The psychology behind that behavior seems obvious to me. I remember that I wasn't allowed to talk back or yell or get upset. Or cry. I always hated that most of all-when they yelled at me to stop crying. It's mindless and thoughtless really. (Dad, you were only making it worse.)
It's interesting that I still do that. Destroying the walls. My favorite pieces of art. Delicate items I had painstakingly spent hours collecting and arranging. Memorabilia. Photos of friends. Cool shit from magazines. (Mostly Gavin Rossdale-ha. what a dork. shut up I was 12.) These things were important to me-a creative outlet. Ruined.

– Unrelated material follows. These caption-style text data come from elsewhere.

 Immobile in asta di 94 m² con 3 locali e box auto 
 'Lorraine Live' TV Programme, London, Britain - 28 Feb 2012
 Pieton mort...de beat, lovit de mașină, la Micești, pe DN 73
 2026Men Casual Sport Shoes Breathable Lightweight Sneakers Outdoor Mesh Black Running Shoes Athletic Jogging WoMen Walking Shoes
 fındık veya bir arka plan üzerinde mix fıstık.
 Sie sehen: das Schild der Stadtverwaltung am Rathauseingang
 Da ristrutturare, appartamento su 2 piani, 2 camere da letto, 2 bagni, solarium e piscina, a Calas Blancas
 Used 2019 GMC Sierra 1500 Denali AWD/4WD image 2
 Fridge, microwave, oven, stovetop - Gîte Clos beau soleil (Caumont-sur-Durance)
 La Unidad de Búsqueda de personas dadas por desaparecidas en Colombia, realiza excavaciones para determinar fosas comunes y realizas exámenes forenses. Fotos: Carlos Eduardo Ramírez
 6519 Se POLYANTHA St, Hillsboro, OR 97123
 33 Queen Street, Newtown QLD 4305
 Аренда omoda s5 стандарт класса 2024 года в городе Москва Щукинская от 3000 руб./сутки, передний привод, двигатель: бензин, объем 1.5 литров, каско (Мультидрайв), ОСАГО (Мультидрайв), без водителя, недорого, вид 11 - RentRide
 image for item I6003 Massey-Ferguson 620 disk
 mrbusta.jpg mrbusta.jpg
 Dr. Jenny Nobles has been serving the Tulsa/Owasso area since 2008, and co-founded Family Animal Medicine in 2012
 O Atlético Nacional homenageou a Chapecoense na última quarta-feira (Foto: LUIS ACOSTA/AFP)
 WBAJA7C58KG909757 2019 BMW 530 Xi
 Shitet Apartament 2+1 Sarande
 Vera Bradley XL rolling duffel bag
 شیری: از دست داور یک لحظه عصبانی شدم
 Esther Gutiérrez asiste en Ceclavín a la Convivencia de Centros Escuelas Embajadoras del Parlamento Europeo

I just got in a little bit of trouble at work. Really nothing. Nobody even said anything to me, I just felt like an idiot. Immediately, my heart burned. When I was finally alone at my desk, I instinctively began cleaning out my desk. Erasing myself. Then, before I even realized why I was doing it, I cleaned out my email's Inbox AND my "Friends" folder. When I am done writing this, I will probably empty out my "favorites" folder and all my bookmarks. I might copy them by hand first. (to be honest, I think i am getting a new computer in a few days.)
Wow. This explains A LOT.
You can't expect to "be" with anybody...to have long, meaningful relationships when your MO is self-sacrifice.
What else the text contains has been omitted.